[Dataset entries Boundary: Start]
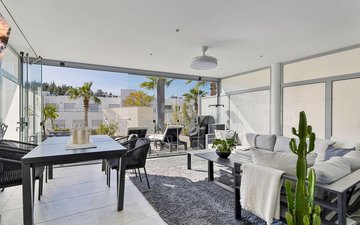 Property slide 10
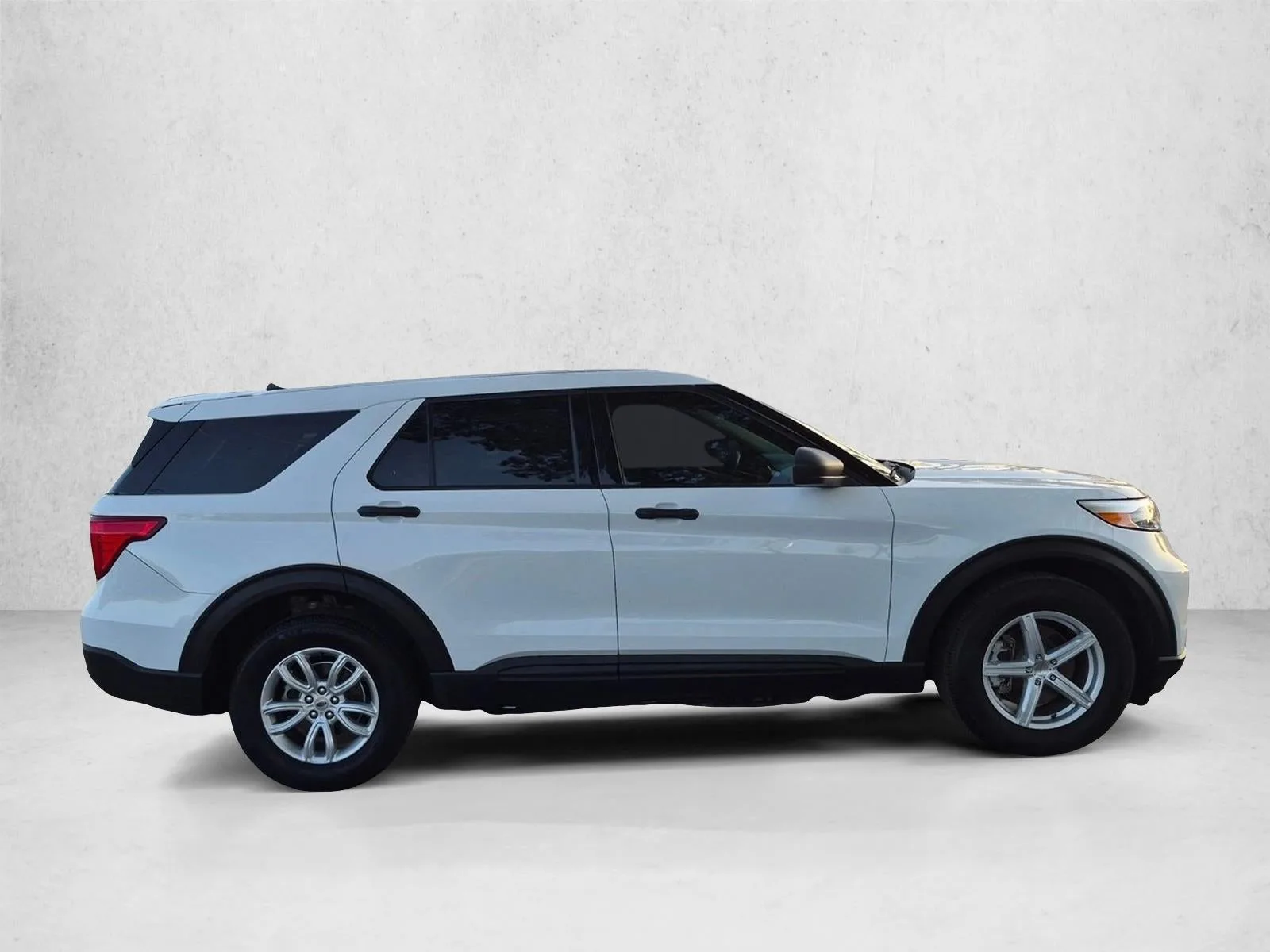 2021 Ford Explorer Base photo 2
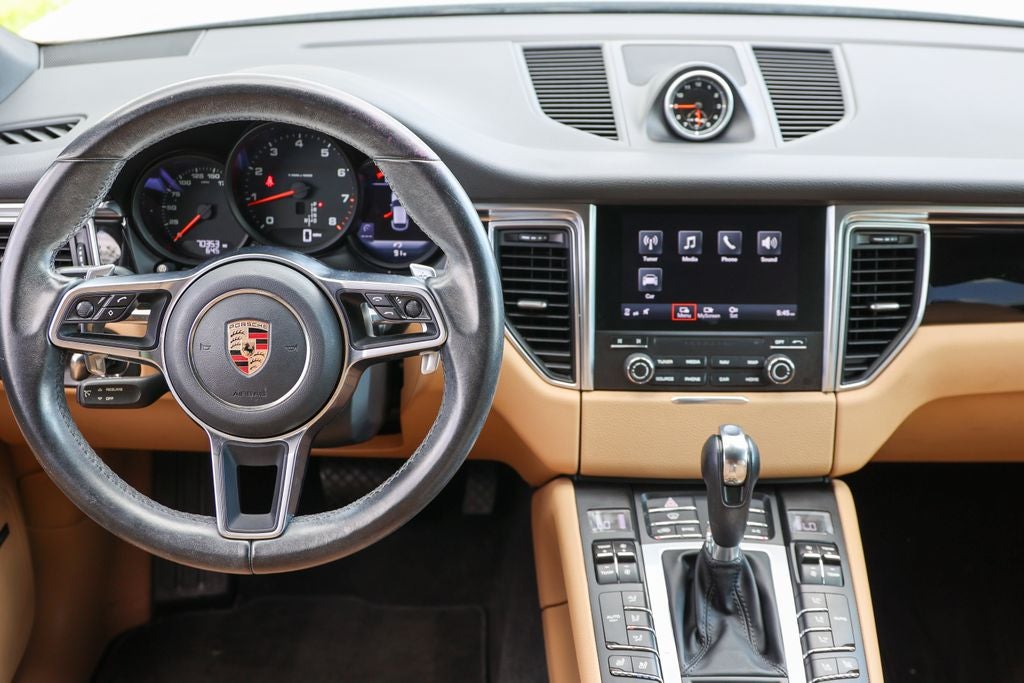 2017 Porsche Macan Base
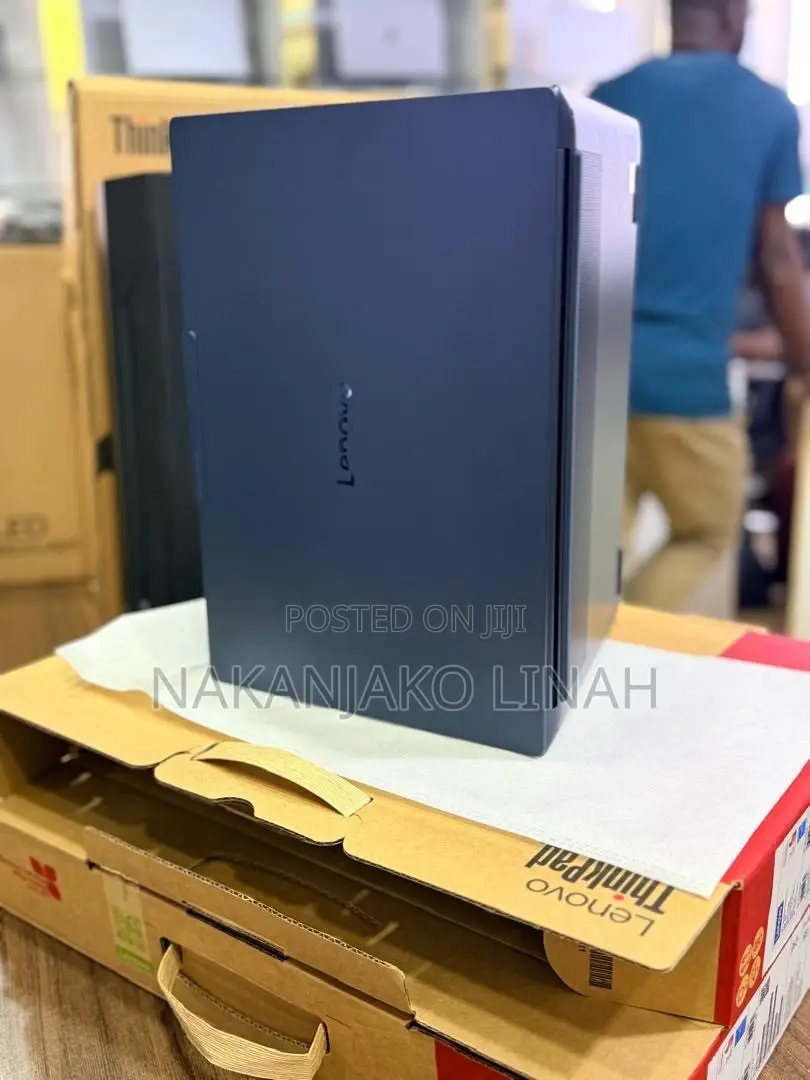 New Laptop Lenovo Yoga 11e 16GB Intel Core Ultra 7 SSD 1T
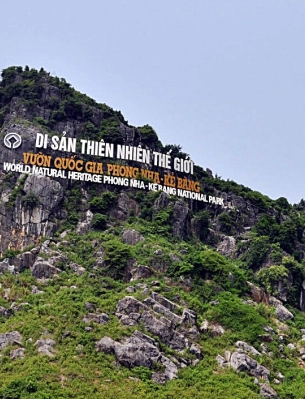 Dong Hoi - Hang Tam Co - Phong Nha Cave - Botanical Garden - Dong Hoi
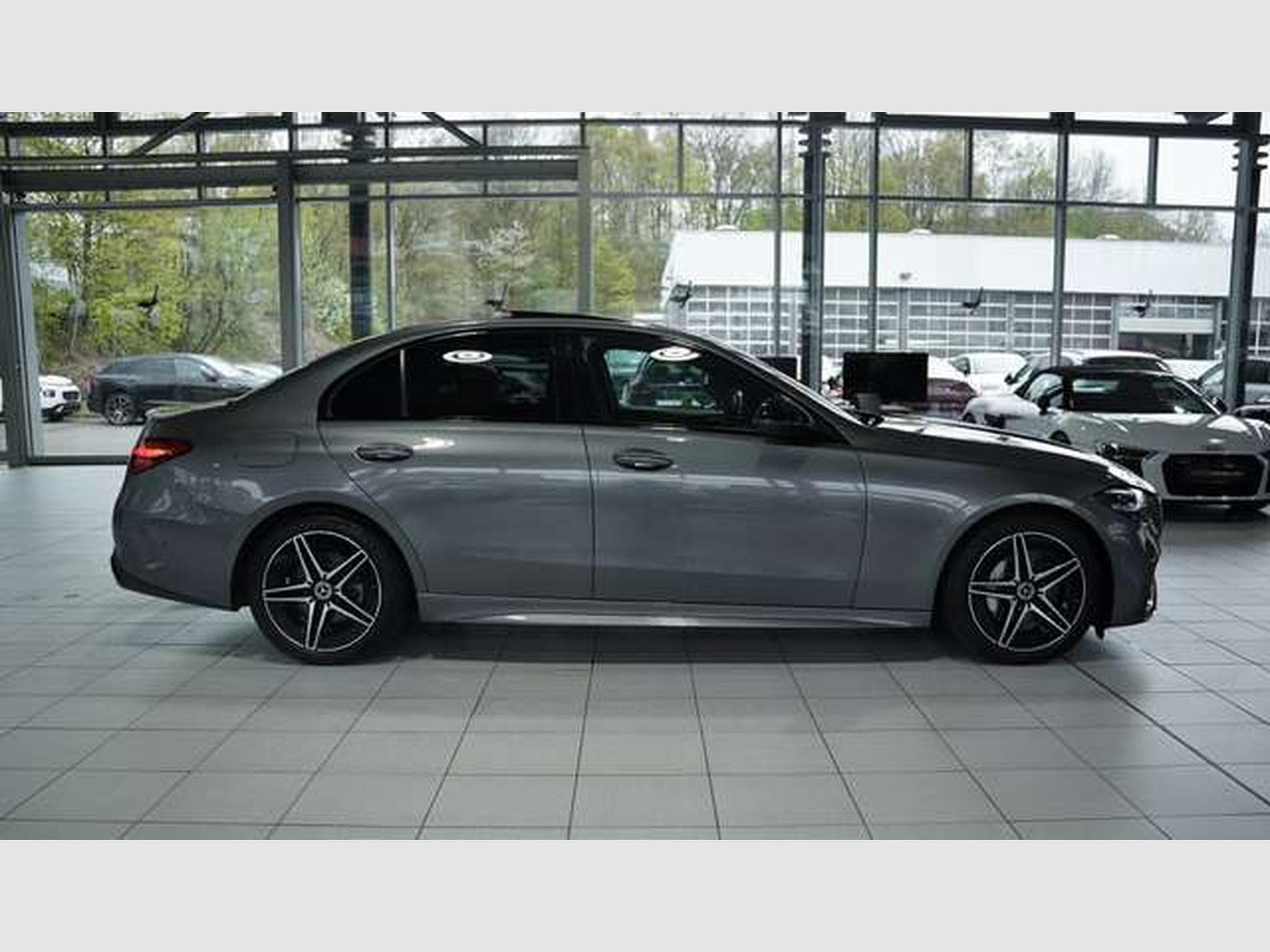 Mercedes C 200 Limousine AMG Line *1.HD *Pano *Night *ACC (2022) - Photo 7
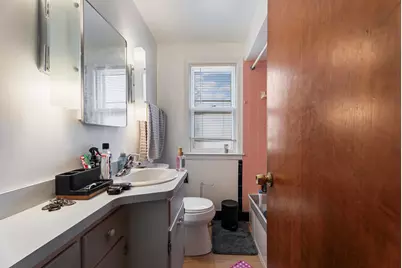 2135 S 102nd St #2137, West Allis, WI 53227 - Photo 21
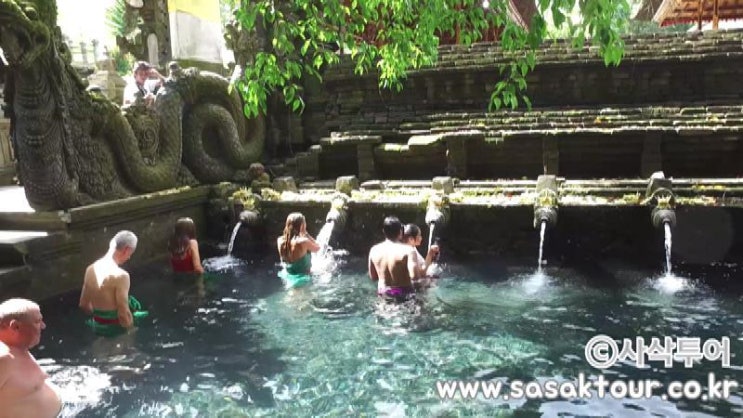  발리 추천여행지 - 성수러운물  성스러운물 (Pura Tirta Empul)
[Dataset entries Boundary: End]
_Activity_. Without the pictures, give the entries above back exactly.

_Output for this task_.
 Property slide 10
 2021 Ford Explorer Base photo 2
 2017 Porsche Macan Base
 New Laptop Lenovo Yoga 11e 16GB Intel Core Ultra 7 SSD 1T
 Dong Hoi - Hang Tam Co - Phong Nha Cave - Botanical Garden - Dong Hoi
 Mercedes C 200 Limousine AMG Line *1.HD *Pano *Night *ACC (2022) - Photo 7
 2135 S 102nd St #2137, West Allis, WI 53227 - Photo 21
  발리 추천여행지 - 성수러운물  성스러운물 (Pura Tirta Empul)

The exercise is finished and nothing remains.